When you saw the inferior performance of non-cacheable mapped DRAM compared to
cacheable DRAM in the [cache performance tutorial](../0E_cache_performance)
earlier and asked yourself why anybody would ever want this: Exactly for the
use-case at hand!

Theoretically, some linker hacks could be used to ensure that the `Videcore` is
using a buffer that is statically linked to the DMA heap pool once paging and
caching is turned on. However, in real-world kernels, it is common to frequently
map/allocate and unmap/free chunks of `DMA` memory at runtime, for example in
device drivers for DMA-capable devices.

Hence, let's introduce an `allocator`.

### Bump Allocation

As always in the tutorials, a simple implementation is used for getting started
with basic concepts of a topic, and upgrades are introduced when they are
needed.

In a `bump allocator`, when a requests comes in, it always returns the next
possible aligned region of its heap until it runs out of memory. What makes it
really simple is that it doesn't provide means for freeing memory again. When no
more memory is left, game is over.

Conveniently enough, [Rust already provides memory allocation APIs](https://doc.rust-lang.org/alloc/alloc/index.html). There is an
[Alloc](https://doc.rust-lang.org/alloc/alloc/trait.Alloc.html) and a
[GlobalAlloc](https://doc.rust-lang.org/alloc/alloc/trait.GlobalAlloc.html)
trait. The latter is intended for realizing a _default allocator_, meaning it
would be the allocator used for any standard language construtcs that
automatically allocate something on the heap, for example a
[Box](https://doc.rust-lang.org/alloc/boxed/index.html).
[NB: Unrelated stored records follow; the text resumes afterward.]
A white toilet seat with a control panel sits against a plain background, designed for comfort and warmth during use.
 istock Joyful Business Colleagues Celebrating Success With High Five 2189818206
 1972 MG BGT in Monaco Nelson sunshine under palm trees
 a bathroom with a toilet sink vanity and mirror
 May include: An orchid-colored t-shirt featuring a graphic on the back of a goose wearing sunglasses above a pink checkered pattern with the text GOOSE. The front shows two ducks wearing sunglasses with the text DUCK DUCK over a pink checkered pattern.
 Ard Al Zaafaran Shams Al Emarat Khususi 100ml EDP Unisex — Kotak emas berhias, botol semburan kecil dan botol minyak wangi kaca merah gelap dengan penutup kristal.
There can only be one
global allocator, so the tutorials will make use of it for cacheable DRAM later.

Hence, for the DMA bump allocator,
[Alloc](https://doc.rust-lang.org/alloc/alloc/trait.Alloc.html) will be
used. What is also really nice is that for both traits, only the `alloc()`
method needs to be implemented. If this is done, you automatically get a bunch
of additional default methods for free, e.g. `alloc_zeroed()`.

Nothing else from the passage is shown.